__INFORMATION PROVIDED__:
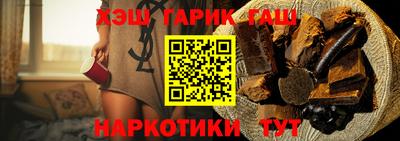 MESCALINE Краснознаменск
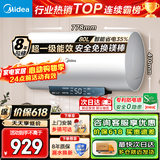 美的（Midea）电热水器家用热水器60升储水热水器省电节能一级能效速热免换镁棒防电墙X1/JM1pro/JE4pro以旧换新 80L 3300W 酷省电 35%/浴缸洗JM1PRO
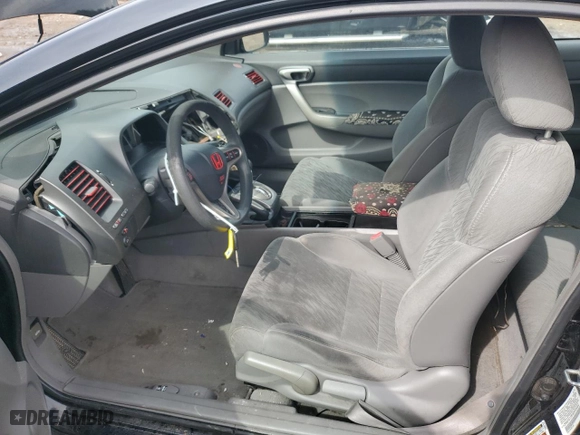 2008 Honda Civic Cpe EX with VIN 2HGFG12818H545082, listed as a Copart auction lot 88883845 with 210,203 mi miles and Salvage Title. Bid and sale history available at carsss.com. Image 7.
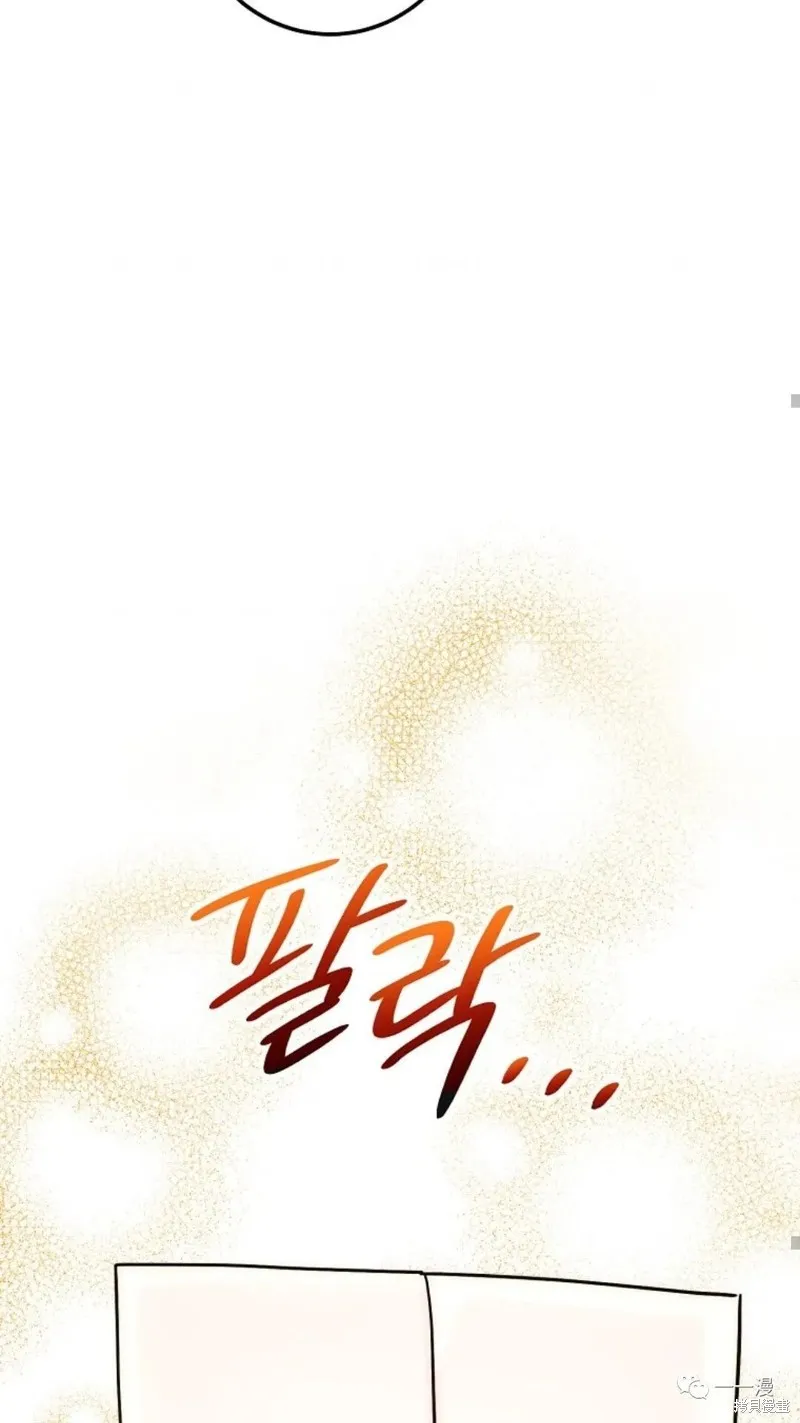 毒龍:修羅傳說,第133话,第68张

__TASK DESCRIPTION__: Return the listing above in full and unaltered. Keep the pictures out.

__SOLUTION TO THE PROBLEM__:
 MESCALINE Краснознаменск
 美的（Midea）电热水器家用热水器60升储水热水器省电节能一级能效速热免换镁棒防电墙X1/JM1pro/JE4pro以旧换新 80L 3300W 酷省电 35%/浴缸洗JM1PRO
 2008 Honda Civic Cpe EX with VIN 2HGFG12818H545082, listed as a Copart auction lot 88883845 with 210,203 mi miles and Salvage Title. Bid and sale history available at carsss.com. Image 7.
 毒龍:修羅傳說,第133话,第68张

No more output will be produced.